Los Angeles Lakers guard Kobe Bryant has three world championship rings, the league record for outside scoring and a string of 40-point games studded with moves that have left defenders flat-footed.
But on Friday, Bryant came up against a different kind of opponent: bottom-line economics.
In the midst of intense negotiations over a new shoe endorsement deal, Reebok International Ltd. said it concluded that the NBA all-star wasn't worth the millions he wanted.
"We worked hard to look at the various ways in which we might make the most out of a partnership with Kobe," Reebok Chief Executive Paul Fireman said in a statement. "But in the end, we realized that we simply could not justify the costs, which our analysis showed could exceed the benefits."
Although Bryant might inspire comparisons on the court with basketball great Michael Jordan, his marketability has fallen short.
Some sports marketing experts say he does not connect with young urban blacks who drive the sales of high-end sneakers. Bryant, who has lived overseas and speaks Italian, is perceived in some quarters as being too suburban, too aloof.
Bryant tried once to tinker with his image by cutting a hip-hop record, but it flopped.
Bryant said Friday night that it was his decision to break off the talks earlier this week because he felt uncomfortable with the company's negotiating tactics.
"It's not the place for me," he said before the Lakers' game at Staples Center. "Actually, Reebok, what I learned about them throughout the negotiation process is they'll back away from the table and then they'll come back to eat the next night. At this point, I really don't want to go that route."
He said his promotional value was not an issue in his break with Reebok, and he dismissed the firm's public assessment of his marketing clout as "politics. They have to cover [themselves]. I accept that."
The demise of the proposed Reebok deal gives negotiating leverage to Nike Inc., the only major shoe company now vying for Bryant's endorsement. But it also underscores new realities in the rapidly changing world of sports marketing.
As sales of signature basketball shoes continue to slump, the old marketing models no longer apply, say industry and stock analysts. Companies can't afford to throw large sums of money at the league's biggest stars in the hopes of duplicate Nike's phenomenal success with its Air Jordan line.
Dean Bonham, a Denver sports marketing agent, said that although he may differ with Reebok's assessment of Bryant's promotional clout, its decision Friday was a "classic example of the kind of shakeout we've been seeing in the footwear and apparel industry during the last three or four years."
Meanwhile, say others, Bryant finds himself sharing a shrinking endorsement stage with the likes of newcomers Yao Ming of the Houston Rockets and Ohio high school basketball sensation LeBron James.

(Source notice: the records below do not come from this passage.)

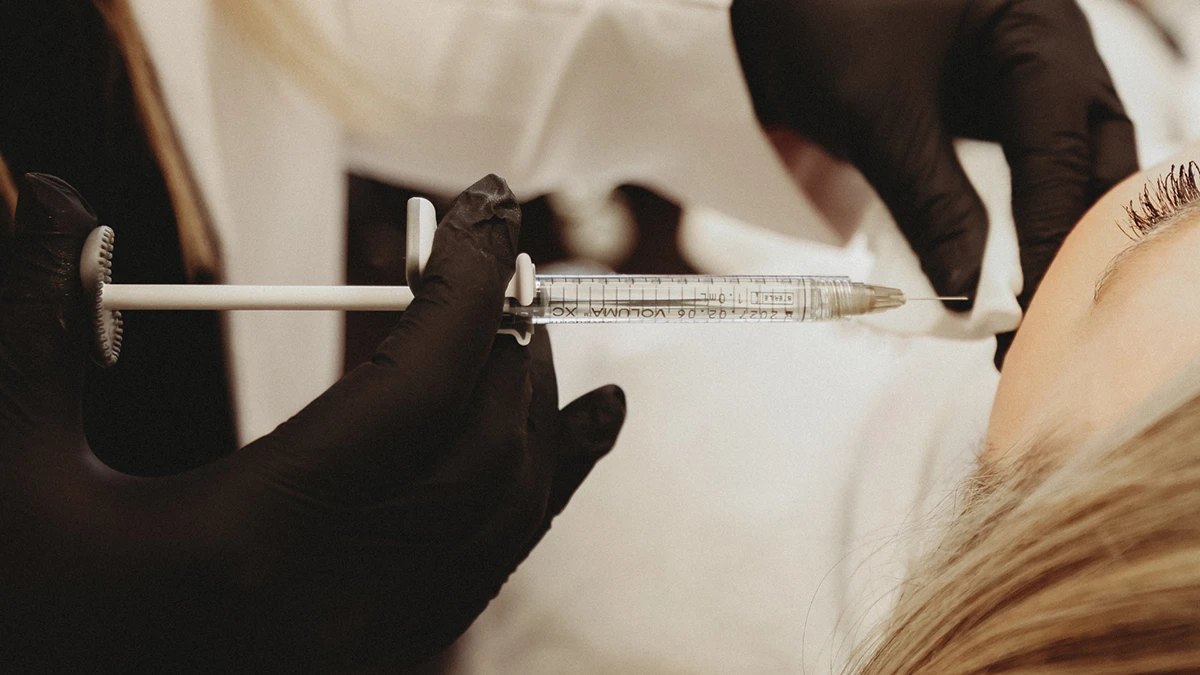 How Jawline Filler Enhances Definition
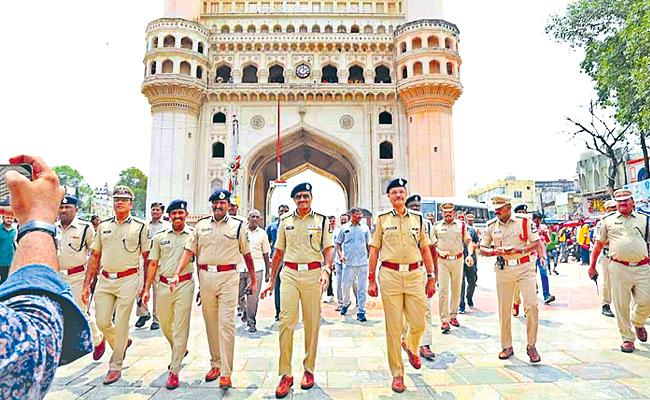 Hyderabad Cops Make Foolproof Security Arrangements for Ganesh Immersion Tomorrow - Vimarsana News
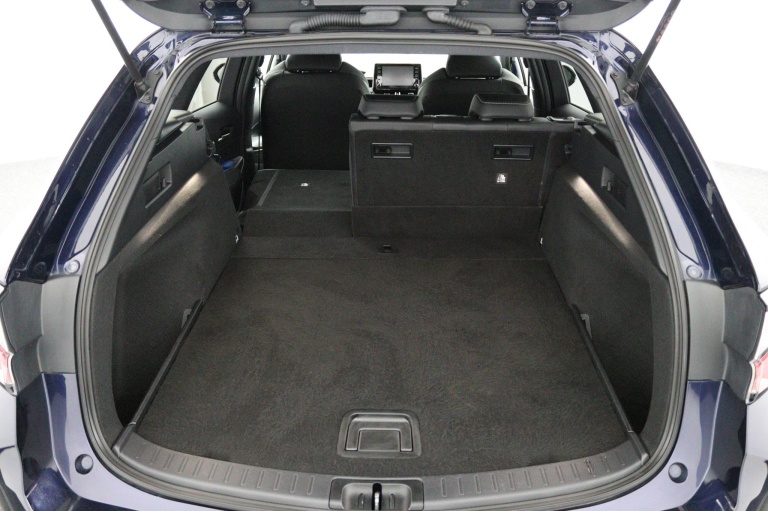 Toyota Corolla Touring Sports - 1.8 Hybrid Dynamic 24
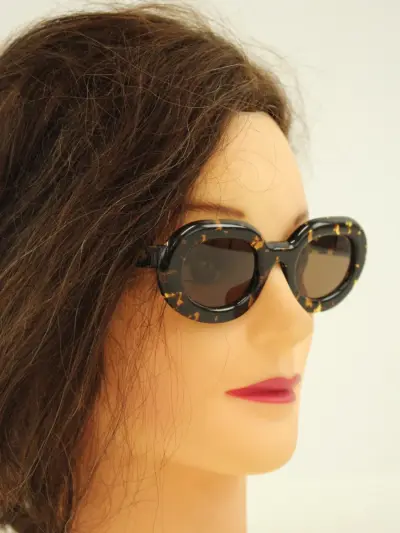 Aude Herouard Franse zonnebril Odile Tabac – kavel bij De Kringwinkel, Antwerpen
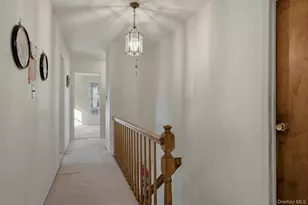 1 Hillcrest Rd, Port Washington, NY 11050 - Photo 20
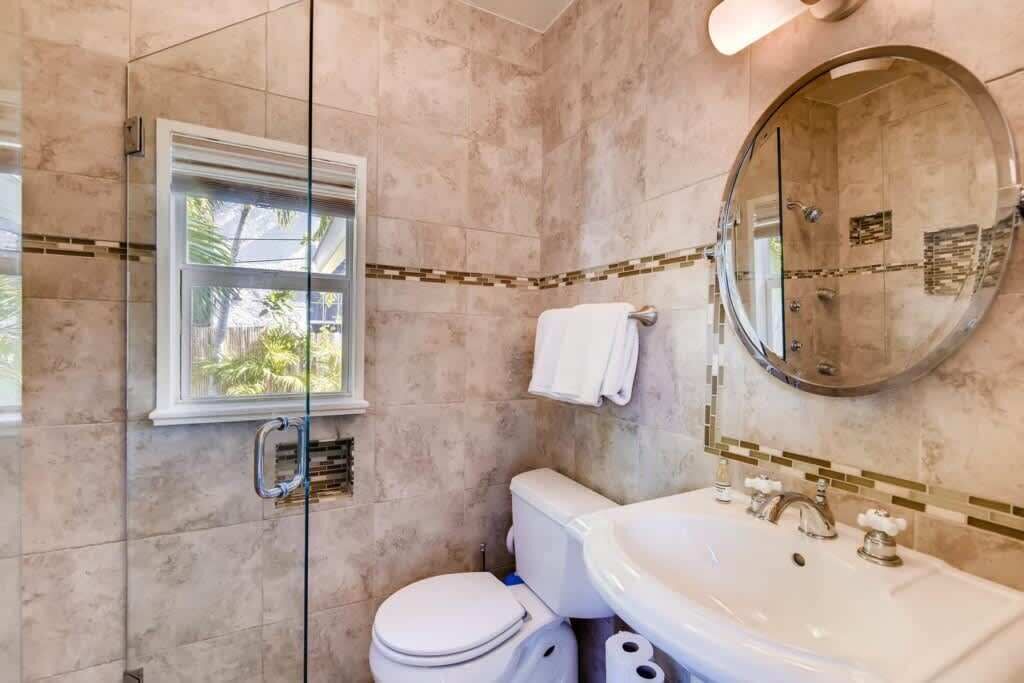 Photo of Bathroom in Flamingo Parks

Already, rookie Yao has scored a hit with the public with his Apple Computer ads, while James has shoe companies tripping over themselves in an effort to get his endorsement.
"Between Yao and LeBron, they suck all of the air out of the marketing room," Newport Beach sports agent Leigh Steinberg said. "It takes potential bidders and marketing dollars away from Kobe's plate."
That's not the marketing world Bryant envisioned when he broke away from Adidas last year in an attempt to seek out a better deal for himself. It cost Bryant an estimated $8 million in lost fees and an additional $10 million he has to repay when he signs a new contract, said two industry sources familiar with the terms. Bryant, coming off his third consecutive NBA championship, was expected to land a record-setting contract based on his prowess on the court.
But the biggest concern in the shoe talks quickly became Bryant himself, said a source familiar with the negotiations. Shoe companies have worried about the star's apparent lack of street credibility with "ballers," the nickname for players found on the grittiest inner-city basketball courts from New York to Los Angeles.
Those players -- largely black teens and adults in their 20s -- buy an estimated 90% of high-end shoes costing $100 and more and start trends that ripple out to suburban malls. Among the top sellers: Nike's Jordan line, Adidas' shoes named after the Orlando Magic's Tracy McGrady and Reebok's shoes endorsed by Philadelphia 76ers bad boy Allen Iverson.
At the public courts on Venice Beach, the mention of Bryant's name provokes mixed emotions -- not the urge to splurge on his footwear. After a spirited pickup game, Rich Baderinwa said he respects Bryant's game but can't see himself in Bryant's shoes.. . He scoffed in particular at Bryant's attempt at rapping.
"His rap was whack," said Baderinwa, 26, of Venice. "When he put out that CD, nobody bought it. And you know why nobody bought it? Because nobody bought him."